What is required: Keep the pictures out while you transcribe the listing below exactly.
++++ Study material
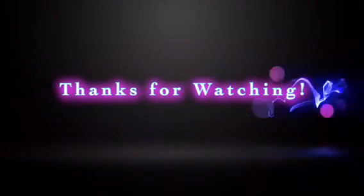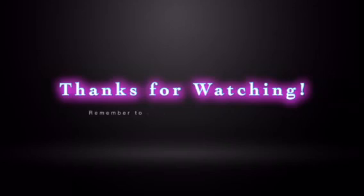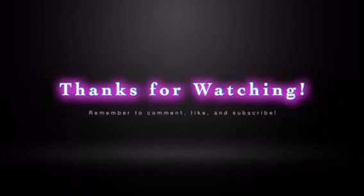And I will see you guys in the next video.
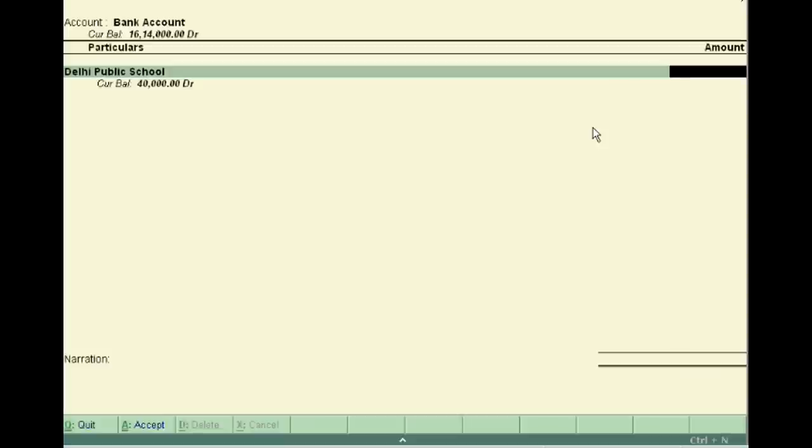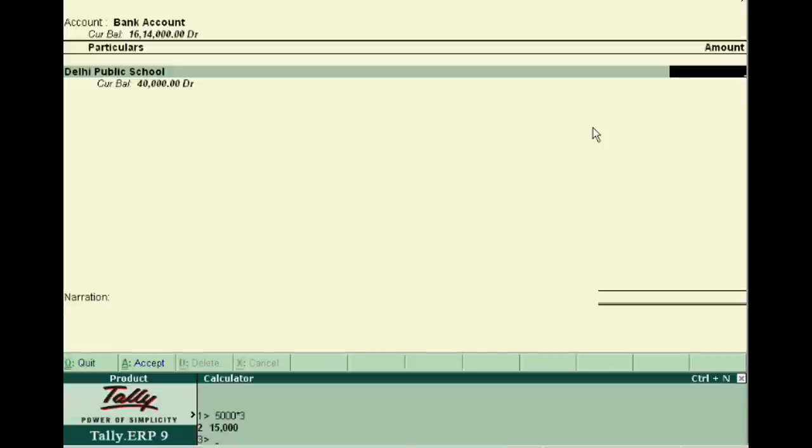At that time, you will press Alt plus C to go to calculator mode. After this, you will see the calculator button. Here, you will calculate the amount.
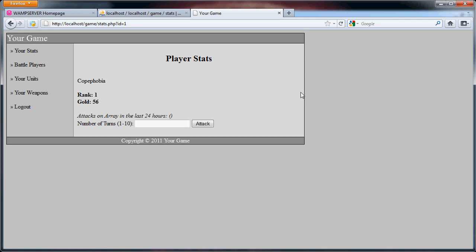Hello and welcome back to this tutorial on creating a simple PHP strategy game. In the last part, we dealt with the stats.php page.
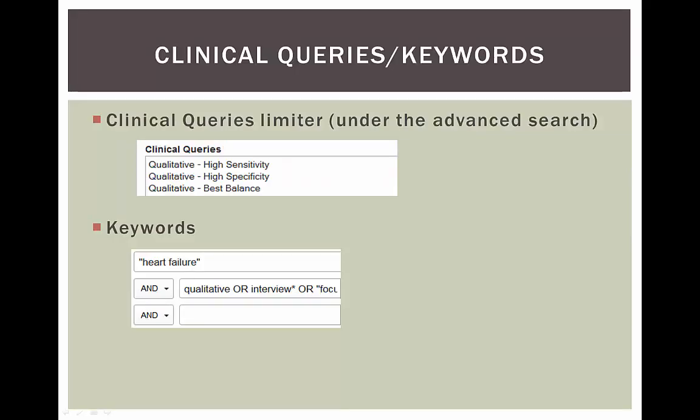Another technique is to enter your search terms and then apply the Clinical Queries limiter. You'll find this under the Advanced Search section of CINAHL. The high sensitivity is the broadest search. You'll get a lot, but some of it will be irrelevant. High specificity is what it sounds like. It's specific. You won't get as much and you may miss some articles that are relevant. The best balance is supposed to be just right.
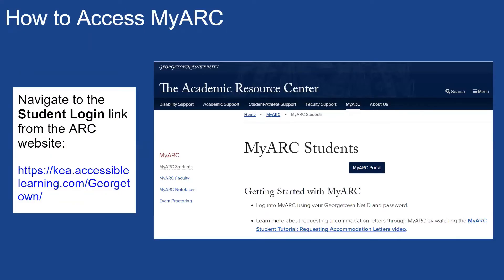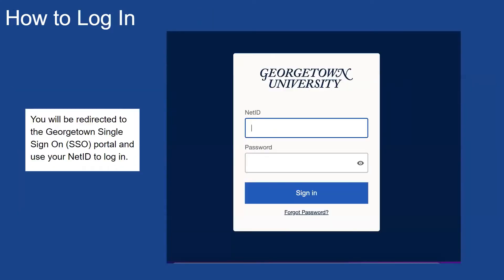In order to access myARC, navigate to the student login link from the ARC website by clicking on My ARC Students. You can also access this page directly through the login web address www.xkea.accessiblelearning.com. Once you click the link, you will be redirected to the Georgetown Single Sign-On Portal. Use your NetID to log in.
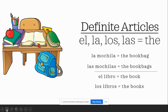Repeat after me: el libro. And what does it mean? You got it — the book. Alright, let's do the next one. I'm going to say it and you say it. Los libros. The books. You got it.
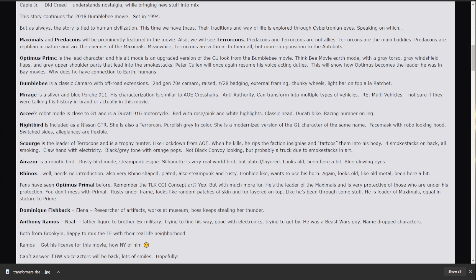Okay. Now getting into some of the beasts. Scourge is the leader of the Terracons. He's a trophy hunter. He's, like, locked down in Age of Extinction. When he kills, he rips off the faction symbol and tattoos it onto his body. So, this is weird. Four smokestacks on the back. All smoking. Claw hand with electricity. Black and gray tone with orange pops. Not black convoy looking, but probably a truck due to smokestacks in the art. But, very possible. That would be very interesting.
++++++++
Answer for the task:
And I will see you guys in the next video.
At that time, you will press Alt plus C to go to calculator mode. After this, you will see the calculator button. Here, you will calculate the amount.
Hello and welcome back to this tutorial on creating a simple PHP strategy game. In the last part, we dealt with the stats.php page.
Another technique is to enter your search terms and then apply the Clinical Queries limiter. You'll find this under the Advanced Search section of CINAHL. The high sensitivity is the broadest search. You'll get a lot, but some of it will be irrelevant. High specificity is what it sounds like. It's specific. You won't get as much and you may miss some articles that are relevant. The best balance is supposed to be just right.
In order to access myARC, navigate to the student login link from the ARC website by clicking on My ARC Students. You can also access this page directly through the login web address www.xkea.accessiblelearning.com. Once you click the link, you will be redirected to the Georgetown Single Sign-On Portal. Use your NetID to log in.
Repeat after me: el libro. And what does it mean? You got it — the book. Alright, let's do the next one. I'm going to say it and you say it. Los libros. The books. You got it.
Okay. Now getting into some of the beasts. Scourge is the leader of the Terracons. He's a trophy hunter. He's, like, locked down in Age of Extinction. When he kills, he rips off the faction symbol and tattoos it onto his body. So, this is weird. Four smokestacks on the back. All smoking. Claw hand with electricity. Black and gray tone with orange pops. Not black convoy looking, but probably a truck due to smokestacks in the art. But, very possible. That would be very interesting.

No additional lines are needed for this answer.